**Caption-style text data**.
::::::::
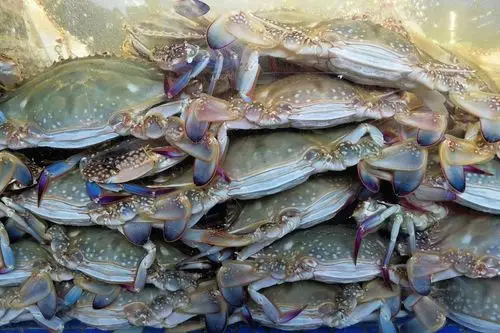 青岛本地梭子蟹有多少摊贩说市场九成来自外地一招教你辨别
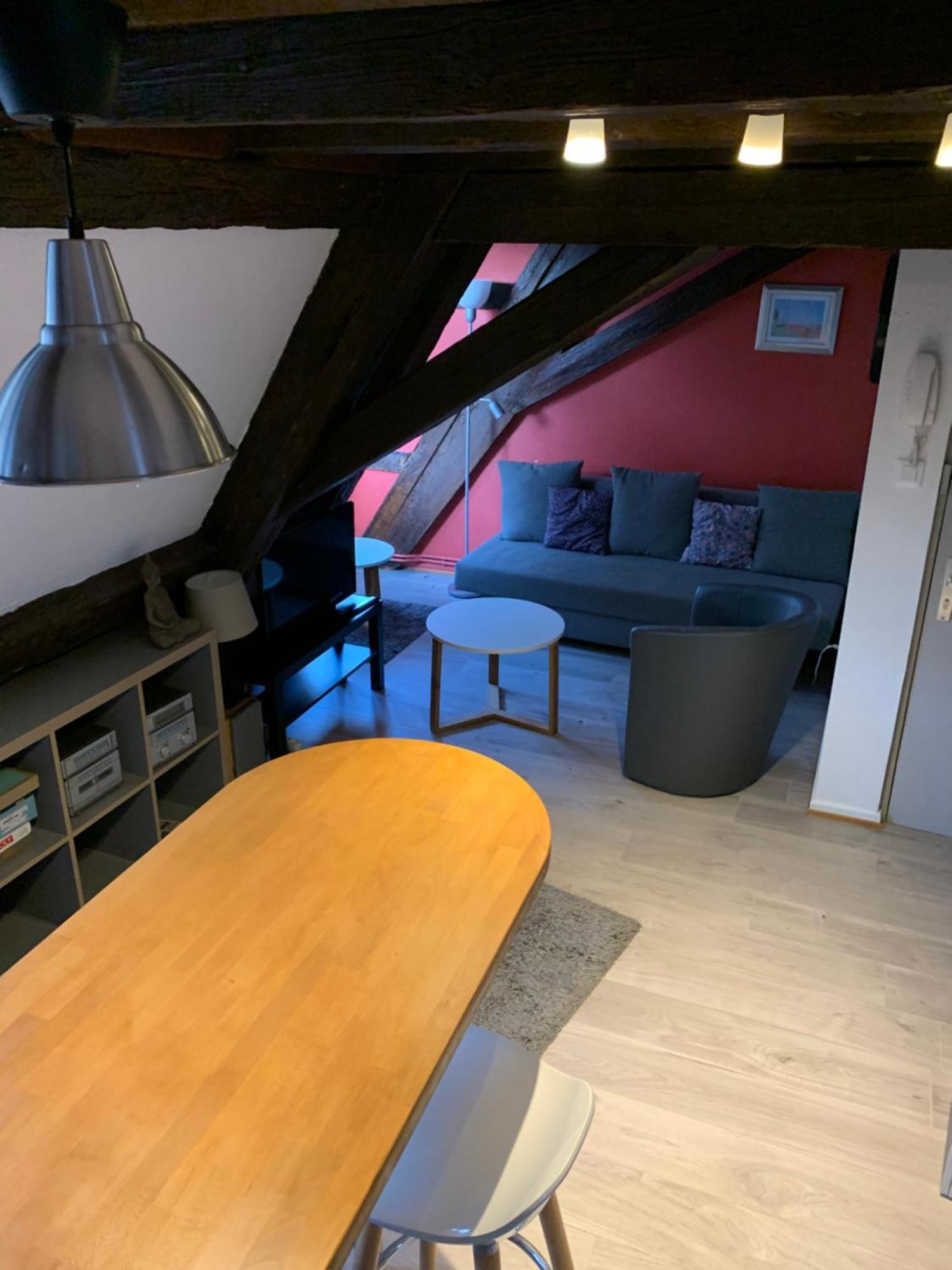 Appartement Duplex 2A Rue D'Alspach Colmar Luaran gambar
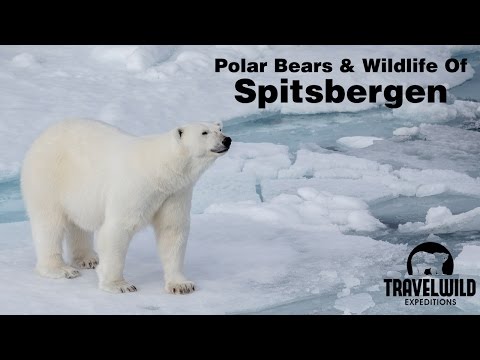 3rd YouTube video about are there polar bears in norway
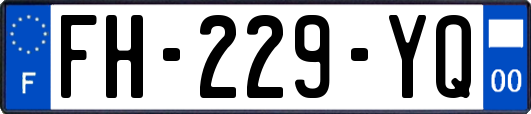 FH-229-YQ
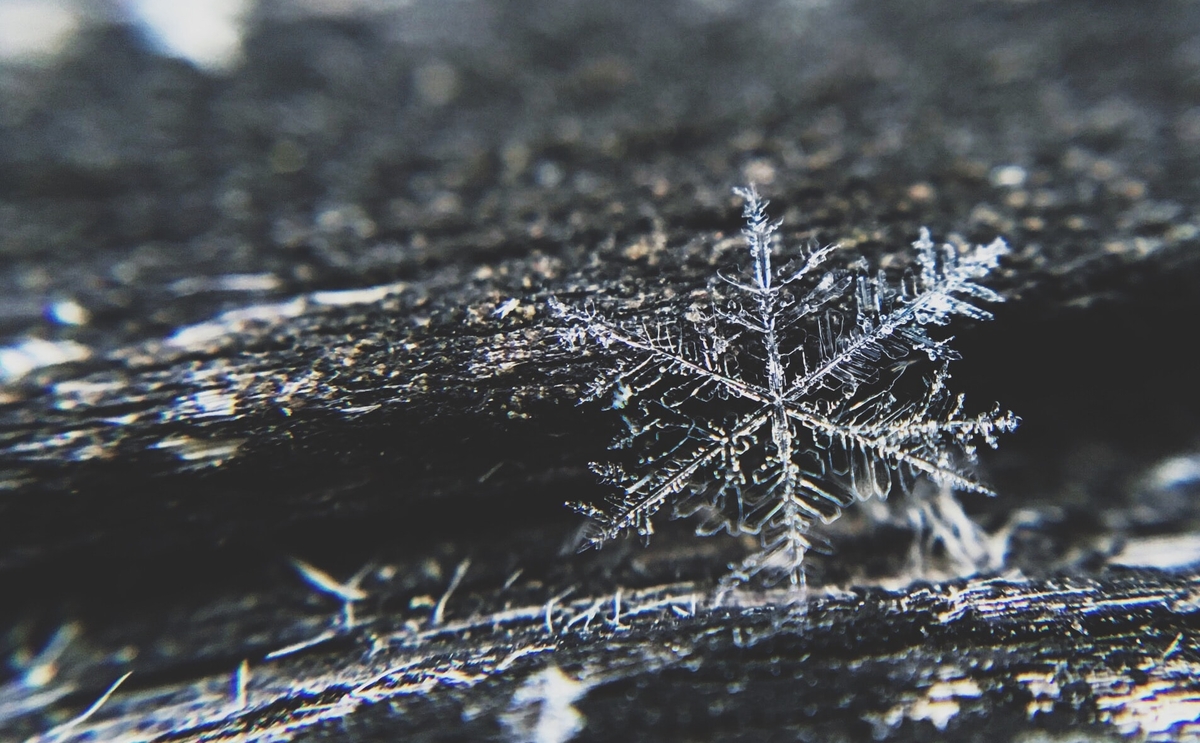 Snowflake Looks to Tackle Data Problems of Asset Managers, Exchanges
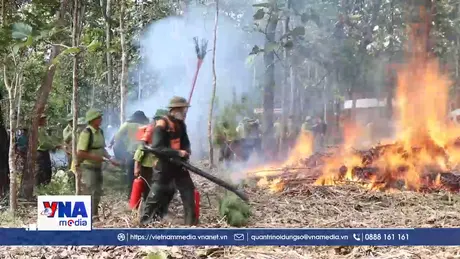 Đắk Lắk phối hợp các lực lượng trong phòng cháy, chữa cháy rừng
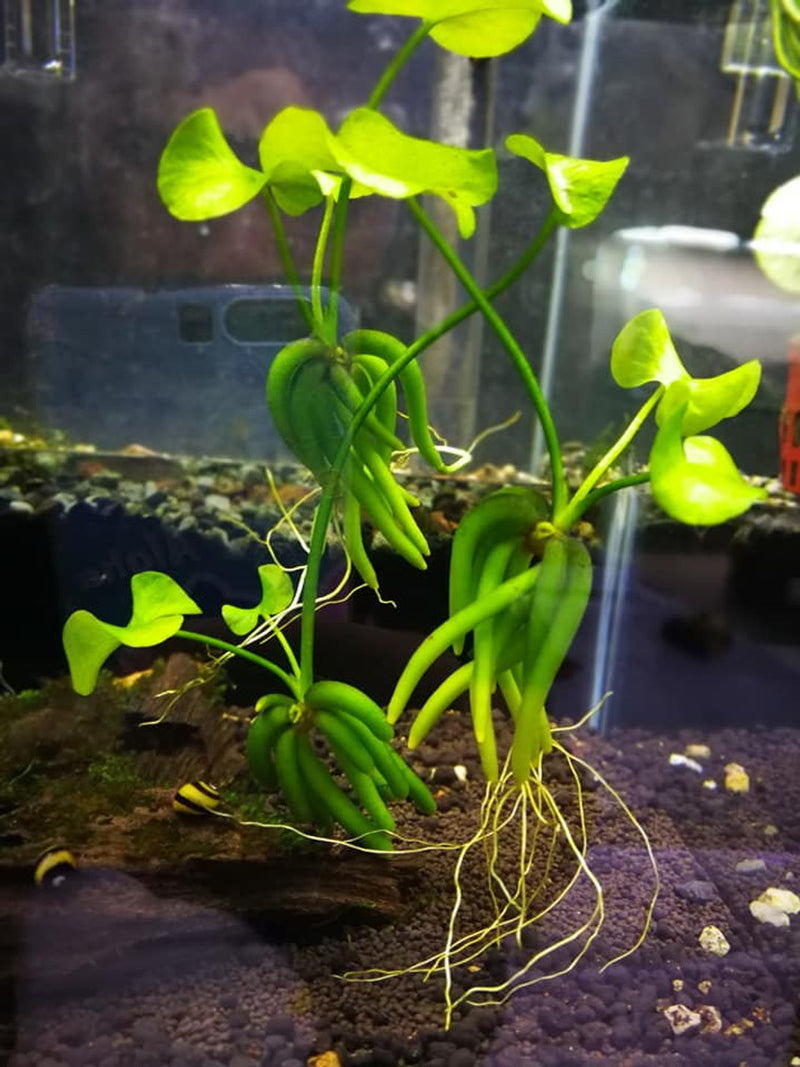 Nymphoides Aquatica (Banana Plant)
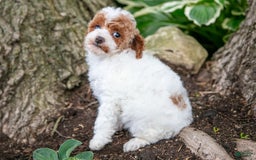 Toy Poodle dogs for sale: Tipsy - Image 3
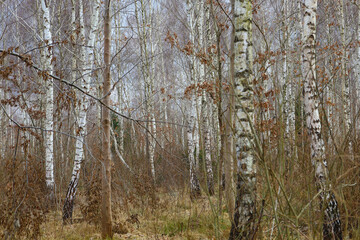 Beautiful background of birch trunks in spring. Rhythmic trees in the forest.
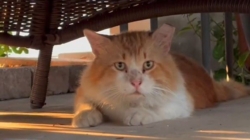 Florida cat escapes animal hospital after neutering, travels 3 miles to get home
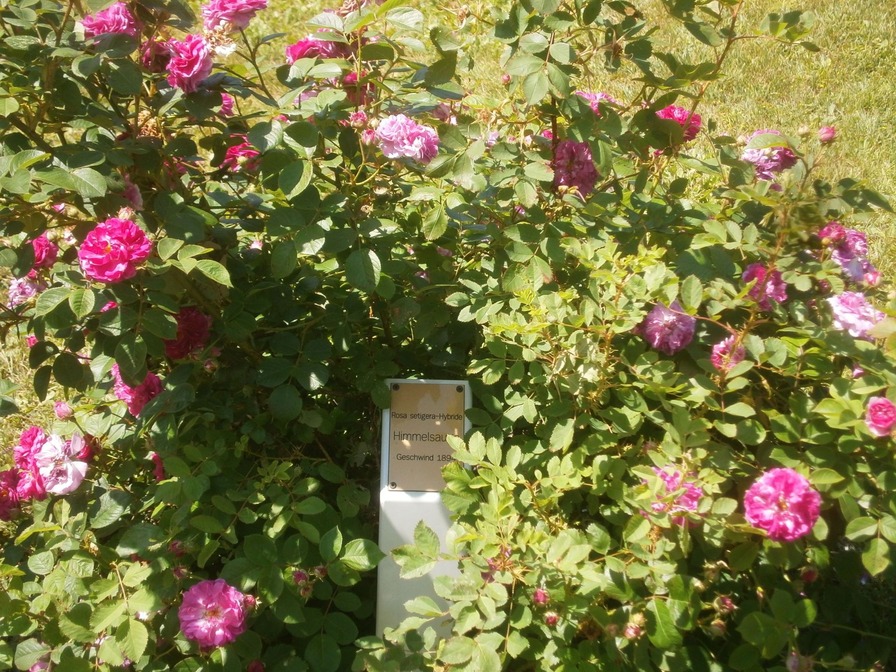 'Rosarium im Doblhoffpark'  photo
::::::::
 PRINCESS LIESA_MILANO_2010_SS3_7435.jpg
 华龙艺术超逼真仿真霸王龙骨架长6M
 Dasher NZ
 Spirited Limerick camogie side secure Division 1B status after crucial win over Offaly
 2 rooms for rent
::::::::
**What you should do**. Transcribe only the lines above that start at the line containing "青岛本地梭子蟹有多少摊贩说市场九成来自外地一招教你辨别" and end at the line containing "Đắk Lắk phối". Omit pictures.

**Task result**.
 青岛本地梭子蟹有多少摊贩说市场九成来自外地一招教你辨别
 Appartement Duplex 2A Rue D'Alspach Colmar Luaran gambar
 3rd YouTube video about are there polar bears in norway
 FH-229-YQ
 Snowflake Looks to Tackle Data Problems of Asset Managers, Exchanges
 Đắk Lắk phối hợp các lực lượng trong phòng cháy, chữa cháy rừng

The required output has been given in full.